On the good side, Passwarden's developers have made an effort to ensure that the app's functionality is never too far from your fingertips. In addition to it main window, you can access Passwarden through a systemwide menu, as well as from within Safari, Firefox, and Chrome thanks to available browser extensions.
Pricing and sync
While each of the Passwarden apps (Mac and iOS) is free to download, their functionality is relatively limited without paying for a sync subscription: You can store only ten different records for each device that you add to your account, and you can take sync across devices for only the first month.
Once you go over the limit, or beyond that one-month trial period, things quickly get confusing. You can extend your sync privileges, and increase the number of records you can store, using in-app purchases, but because these two limits—storage capacity and sync subscription—are handled separately, you have to choose from a list of ten different in-app-purchase packages!

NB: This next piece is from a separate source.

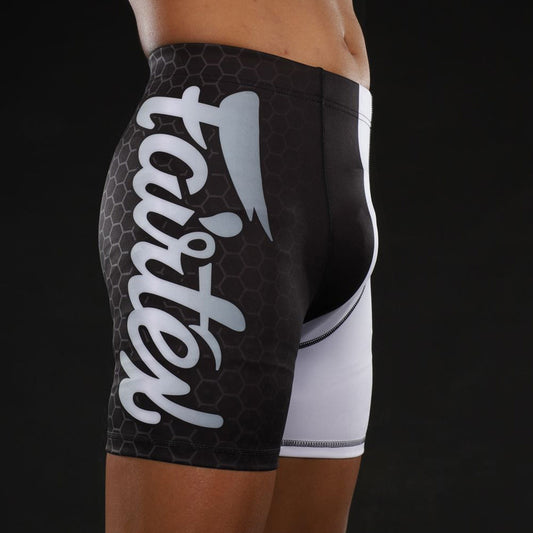 CP7 Fairtex Mens Vale Tudo Shorts Black-White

Confusion aside, Passwarden's plans are reasonably priced: Even the most expensive package, which gives you one year's worth of syncing and 500 record slots, costs only $16, which compares favorably to most competitors that offer similar features. The complex web of purchasing options, however, is bound to scare potential customers away simply by overwhelming them with too many (confusing) choices.
Ultimately, Passwarden is a good app whose usefulness is limited by a user experience in need of polish. The software itself works well, has a few interesting features, and, in my testing, was rock solid when it comes to performance and stability. With a little help in the usability department, it could become a contender in what has rapidly become a crowded market space.